Георгий Шолохов-Синявский - Суровая путина
Торговцы сырой подкрашенной водой — желтой, ядовито-зеленой, малиновой, с кусками льда, плавающими в стеклянных банках, наперебой зазывают истомленных жаждой людей. Воду подвозят бочками подводчики из хуторских колодцев, а кому сподручнее, — прямо из речки. Цена такого напитка недорогая — копейка за кружку.
Посреди выгона — вертящийся брезентовый конус нарядной карусели, пиликанье шарманки, рядом — огромный круглый шатер бродячего цирка, ревущий под гулкие удары барабана духовой оркестр, размалеванные рожи клоунов. Шумит, поет ярмарка, гуляет хутор.
Ярмарка сеяла дешевые соблазны, требовала денег на водку, на сладости, на наряды. Рыбаки осаждали прасола с восхода солнца, ожидая расчета. Егор и Аниська пришли, когда у конторы нетерпеливо переговаривалась вся ватага.
Контора была закрыта, на зеленых дверях косо лежал ржавый прут.
Завидев Егора, рыбаки загалдели:
— Егор Лекееич, иди тяни его, сомяку толстопузого. Пускай расплачивается.
— Папаня, я схожу к прасолу. Я его раскачаю, — выступил Аниська, встряхивая чубом и оправляя новую сатиновую рубаху.
— Иди, — махнул рукой Егор, — да гляди, не заволынь с ним.

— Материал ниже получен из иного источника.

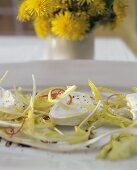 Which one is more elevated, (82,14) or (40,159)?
(82,14)

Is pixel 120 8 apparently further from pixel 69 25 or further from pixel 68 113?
pixel 68 113

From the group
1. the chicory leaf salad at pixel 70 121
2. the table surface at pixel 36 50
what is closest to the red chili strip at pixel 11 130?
the chicory leaf salad at pixel 70 121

Аниська снова переживал легкое бездумье, желание озорства. Мысль о спрятанной в сарае винтовке о которой знали только он, Панфил, и Васька, придавала ему смелости. Теперь он не боялся за дуб, не страшным казался даже сам Шаров.
На проложенных от калитки к прасольскому дому досках — неподвижные тени никнущих в зное акаций. С веранды, через запыленную листву дикого винограда, доносятся оживленный говор и смех.

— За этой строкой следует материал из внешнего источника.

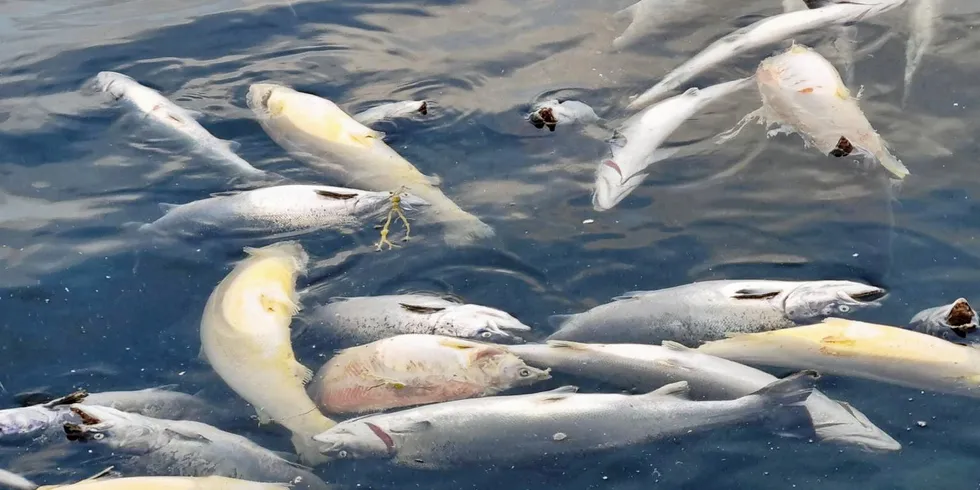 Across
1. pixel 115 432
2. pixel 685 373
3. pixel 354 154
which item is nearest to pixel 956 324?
pixel 685 373

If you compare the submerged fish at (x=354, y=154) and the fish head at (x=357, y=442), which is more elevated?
the submerged fish at (x=354, y=154)

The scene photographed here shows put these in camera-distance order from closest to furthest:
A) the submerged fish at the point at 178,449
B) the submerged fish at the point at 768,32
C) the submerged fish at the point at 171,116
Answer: the submerged fish at the point at 178,449
the submerged fish at the point at 171,116
the submerged fish at the point at 768,32

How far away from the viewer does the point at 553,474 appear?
4070 millimetres

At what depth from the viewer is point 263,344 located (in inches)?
178

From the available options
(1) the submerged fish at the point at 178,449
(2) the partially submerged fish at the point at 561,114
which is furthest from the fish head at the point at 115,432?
(2) the partially submerged fish at the point at 561,114

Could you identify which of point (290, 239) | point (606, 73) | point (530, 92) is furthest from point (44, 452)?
point (606, 73)

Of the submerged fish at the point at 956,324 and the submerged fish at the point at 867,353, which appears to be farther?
the submerged fish at the point at 956,324

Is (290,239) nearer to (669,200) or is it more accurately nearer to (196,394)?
(196,394)

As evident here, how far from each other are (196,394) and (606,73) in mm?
4006

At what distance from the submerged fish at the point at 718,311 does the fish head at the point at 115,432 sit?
2029mm

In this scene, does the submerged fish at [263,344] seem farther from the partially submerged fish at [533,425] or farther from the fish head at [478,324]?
the fish head at [478,324]

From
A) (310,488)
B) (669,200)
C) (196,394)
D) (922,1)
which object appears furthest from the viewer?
(922,1)

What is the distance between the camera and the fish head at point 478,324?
181 inches

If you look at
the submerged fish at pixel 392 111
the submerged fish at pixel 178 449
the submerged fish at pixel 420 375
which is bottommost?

Аниська остановился. Думал ли он быть у прасола после того, как избил Леденцова, сидел в кордегардии и ненавидел их всех смелой безотчетной ненавистью? Теперь он чувствовал робость и унижение, а ненависть притаилась. И все оттого, что перепутал карты хитрый Семенцов. Сначала думалось, — не знает прасол о новом должнике, о дубе, а все дела увяжутся через Семенцова. Теперь было ясно, — Семенцов очутился в сторонке, а расплачиваться с прасолом нужно самому.
Аниська поднялся по лестнице, толкнул дверку веранды. От обилия людей, сидевших за празднично убранным столом, он растерялся. Неожиданнее всего было то, что на него смотрел сам полковник Шаров. Аниська вспомнил серую мглу рассвета, выстрелы, унизительные побои вахмистра и угрюмо, нелюдимо осмотрел гостей. Краснолицый, затянутый в мундир подхорунжего, атаман Баранов перехватил Аниськин взгляд, наклонившись, сказал что-то сидевшему рядом помощнику пристава.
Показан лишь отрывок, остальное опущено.